The Youth Internship Program pairs fresh graduates ready to enter the workforce to a relevant employer in order to build their professional skill set. Thousands apply but only a few are chosen to intern with companies and organizations from a variety of sectors (agriculture, financial services, hospitality, development, government, etc) . The program has a national reach with interns placed in various districts including Kampala, Lira, Jinja, Mbale, Moroto, Gulu, Wakiso, Busia among others. The applicants chosen are usually from vulnerable backgrounds with high academic success. The interns receive a minimum monthly stipend of 500,000 UGX (138 USD), contributed by both the employer and Restless Development.

Caption: Wakoko Eric, a YIP intern placed at the Uganda National Association of the Blind

Restless Development trains the selected young people equipping them with employability skills such as critical thinking, workplace etiquette, time management, communication, report and resume writing. Restless Development also trains the employers on their role and responsibilities as mentors and how to ensure their intern is having a productive and meaningful placement. The internship program lasts for a period of 6 months, with a mid-term training to address gaps identified during the initial 3 months of the internship.

Restless Development knows that one of the most frustrating aspects of an internship for a young person is feeling useless so it is extremely important to structure it in a way that both interns and host employers get the most out of it. Hence all the YIP are structured placements, with a work plan and performance goals. Our staff provide continuous support and mentorship to both interns and employers so they can overcome any challenges they may face during the placement period.

 What is it like to be an intern in Uganda? Check out the video below; 


The goal of the program is to equip young people with work-readiness skills and practical work experience. The programme allows employers to realize the benefits of hosting an intern which can be shaped as per the specific organization’s needs while bringing a fresh perspective into their ways of working. These interns become invaluable assets to most of the organizations which have been involved in the Youth Internship program, with an average retention rate of 60%.

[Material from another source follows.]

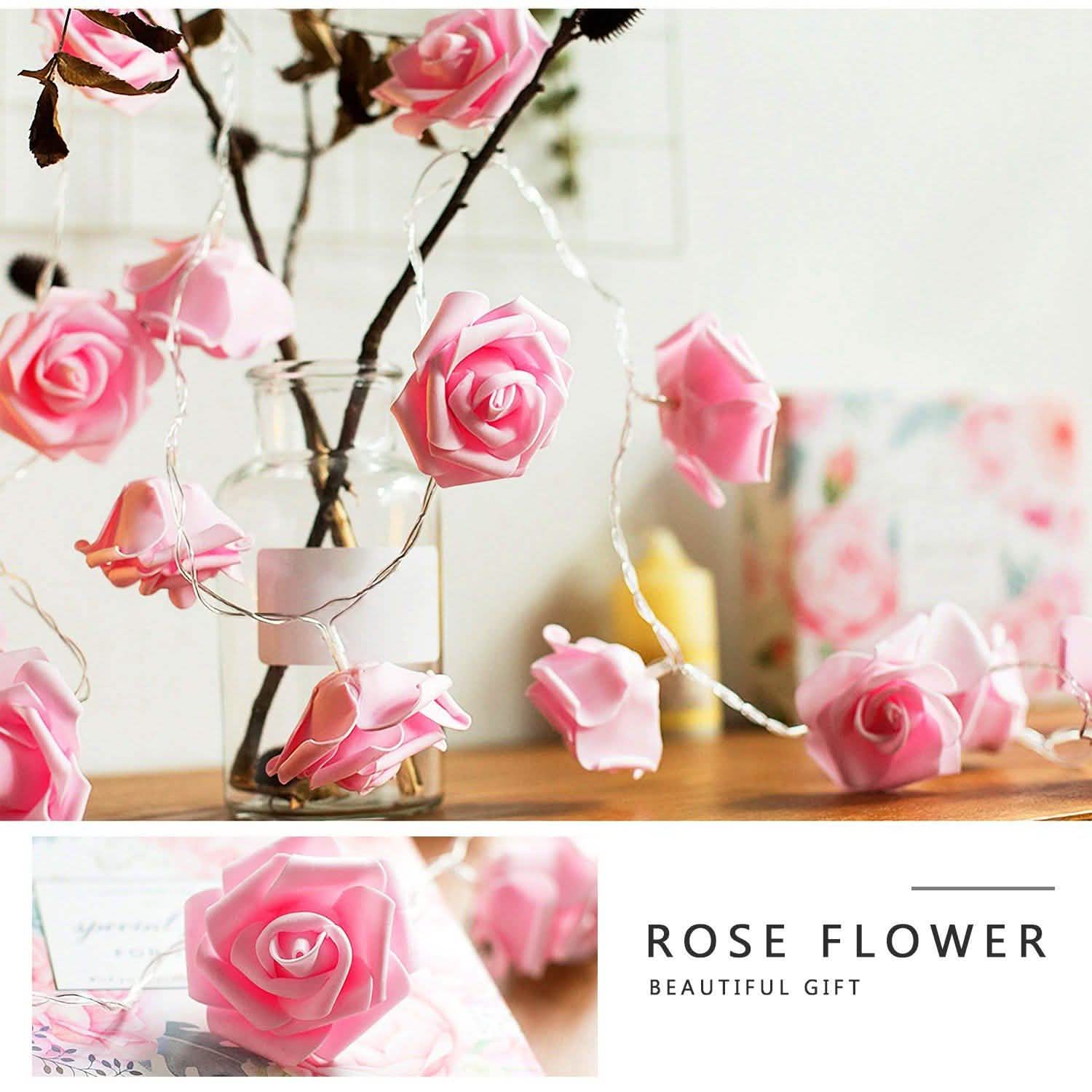 2-Pack: 40 LEDs Rose Flower String Lights String & Fairy Lights - Tophatter Daily Deals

Caption: Graduation party of the last YIP internship cycle in March 2017

For the past four years, we have placed 200 graduates with more than 50 host institutions across Uganda. 80% of the interns have transitioned into meaningful and gainful employment.

An Intern's Journey

Catherine Nasuuma holds a BS in Agricultural Sciences by Makerere University. She decided to apply for the Youth Internship Program as she didn’t feel her degree had provided her with the professional skills she would need at her future workplace.

Caption: Catherine Nasuuna, a YIP intern placed at the National Agricultural Research Laboratories.

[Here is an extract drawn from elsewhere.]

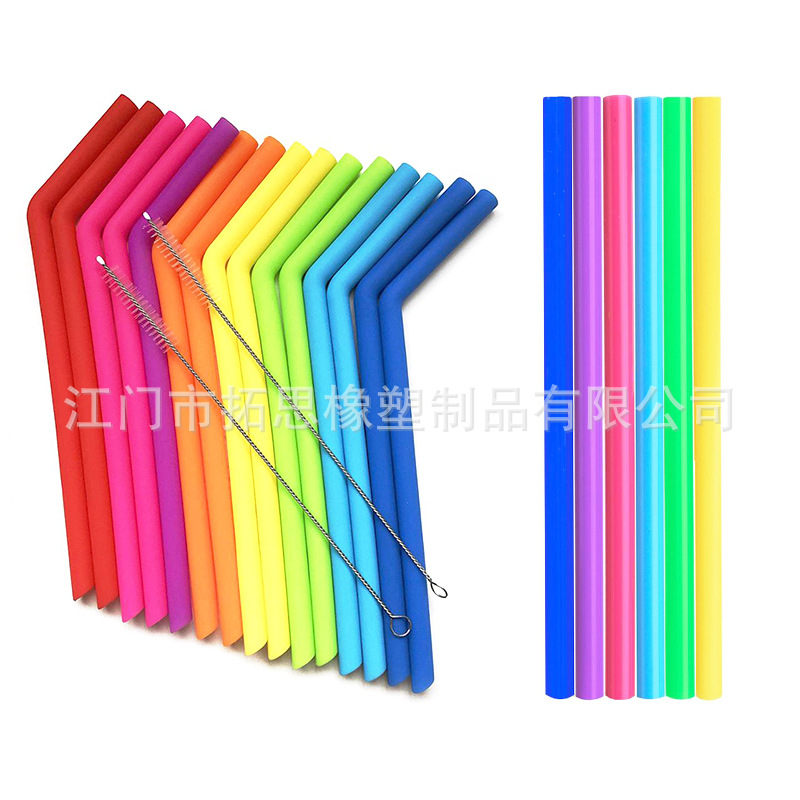 厂家批发硅胶吸管 食品级硅胶吸管套装 亚马逊彩色折叠吸管直弯管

"[The Youth Internship Program] gave me a lot of exposure, and I really gained a lot of skills to build my career. I really loved the Foundation Training. It really taught me about life skills, workplace skills, and leadership skills... how to talk to my boss and time management was paramount." - Nasuuna Catherine

Caption: Catherine Nasuuna at the National Agricultural Research Laboratories.

"I would encourage the Agricultural Sciences graduates to join this programme… I not only gained technical knowledge on research and agronomy but also developed professional skills to build my career on. "- Nasuuna Catherine

She’s one of the 160 interns which were offered jobs by their host institutions.


[1] Business Agenda Uganda 2011-2014.  Federation of Uganda Employers.

[2] Youth Map Uganda: Navigating Challenges. Charting Hope.International Youth Foundation and USAID.  2011.